Economists had expected industrial production to climb by 0.5 percent compared to the 0.7 percent decrease originally reported for the previous month.

The Fed said utilities output plummeted by 9.9 percent in January after spiking by 5.1 percent in December, as a swing from unseasonably cool weather in December to unseasonably warm weather in January depressed the demand for heating.

Meanwhile, the report said mining output shot up by 2.0 percent in January after slumping by 1.2 percent in December, while manufacturing output jumped by 1.0 percent after tumbling by 1.8 percent in the previous month.

“The solid 1.0% m/m rebound in manufacturing output in January provides further evidence that the economy began the year on a strong footing,” said Andrew Hunter, Senior U.S. Economist at Capital Economics.
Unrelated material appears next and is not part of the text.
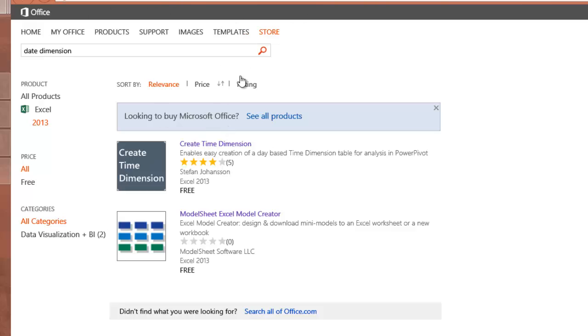And over here on office.Microsoft.com will show me a couple of things that reference date dimension. The Create Date dimension is the one I want. Obviously a lot of other people like it too.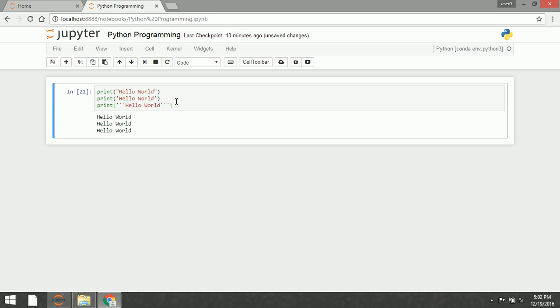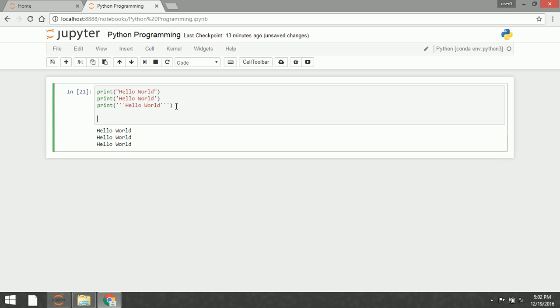If you want to display the output of an integer, just simply type this without a quote.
He added, “That said, while the survey evidence also appears to be turning a corner, for now it is only consistent with a stabilization in output at a weak level rather than a sustained upturn.”

The Fed also said capacity utilization in the industrial sector edge down to 78.3 percent in January from a downwardly revised 78.4 percent in December.

Economists had expected capacity utilization to inch up to 79.0 percent from the 78.8 percent originally reported for the previous month.

Capacity utilization in the utilities sector plunged to 68.6 percent, while capacity utilization in the mining and manufacturing sectors increased to 89.0 percent and 77.7 percent, respectively.